Actually, you needn’t be wealthy to enjoy a meal there, particularly during lunch service, when chef Michael Sanguinetti’s heavenly ham and fried cheddar sandwich and skilled seafood gumbo left me, well, sanguine about his dinner menu’s extensive fish and seafood offerings. As day melts into evening, a different vibe descends on Commonwealth, one reminiscent of its immediate predecessor in the space, TQLA, which failed in its four-year attempt to convince Houston of the pressing need for an agave bar, presumably because there was no need.
As I padded past Commonwealth’s bar area on a recent Friday night, there was little doubt that the joint was hopping. Bartenders, though harried, executed with ease concoctions with names like Blood Orange Paloma and Pink Daisy and French 76. Most of the cocktail tables were full, the bar’s youngish patrons having apparently found the perfect spot to drink and text the night away.
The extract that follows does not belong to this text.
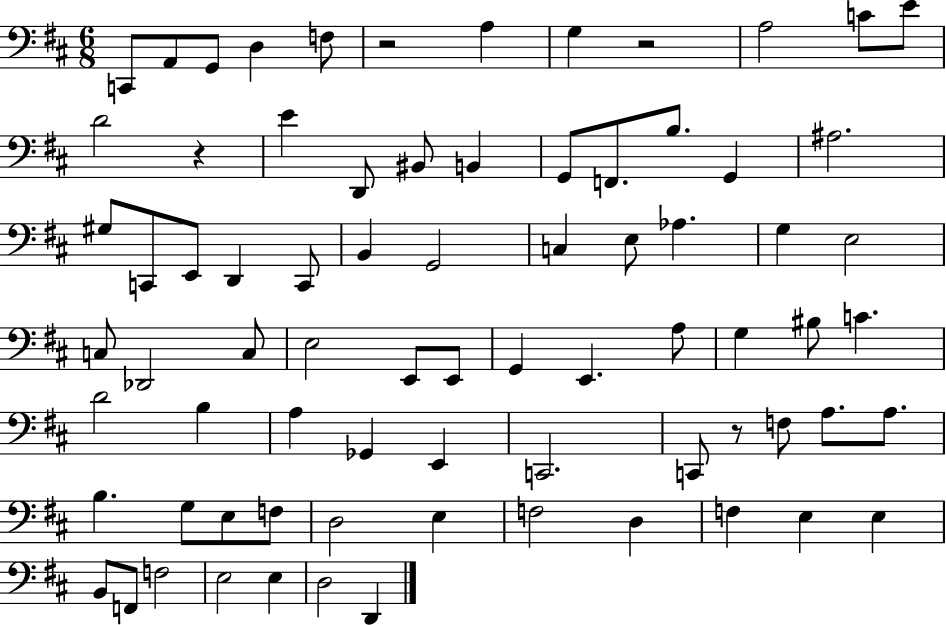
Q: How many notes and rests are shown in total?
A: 76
The dining room seemed solidly attended, too, as we shuffled in our flip-flops—slap, slap, slap—to our table. Soon enough we’d received our drinks and first courses, discovering that the tomato soup was fine, the mac and cheese—or rather agnolotti and cheese—spicy but tasty too, an inspired marriage of jalapeños and aged cheddar. My table couldn’t resist trying a chargrilled oyster dish called the Houston, so-named because nothing says Houston, apparently, like caramelized onions and bacon jam on top of an oyster. It was not a hit with our party, which didn’t much care for the watery brown slurry created by the oyster liquor and the bacon, although we couldn’t deny that the dish said Houston—Houston Ship Channel, to be exact.
The grilled octopus, attractively plated with squid ink pasta—no horseshoes here—had a nice bite and flavor, as did the morsels of lobster served atop a tangy wild mushroom risotto. Indeed, Commonwealth is notable for paying as much attention to its vegetables as the entrées accompanying them. The luscious potato mousse in particular proved a great complement to juicy beef tenderloin topped with peppercorns.
The food was consistent and the service efficient right up to the end, with the arrival of one of pastry chef Kelly Alsobrook’s creations, simply called milk and cookies. This may seem to you a rather modest choice, particularly for a man wearing his best flip-flops, but Alsobrook manages to lure the dessert into decadence. Five chocolate chip and brownie batter cookies—hot, seemingly fresh from the oven, and flanked by generous puddles of chocolate sauce and toasted marshmallow cream—were delivered on a plain grey plank and accompanied by two plain glasses of milk. That the dessert was richly satisfying was plain to see too—the cookies were gone within seconds.
Cue the ironic conclusion: for all its devotion to frippery and the upscale, Commonwealth is at its best when finding wealth in the common.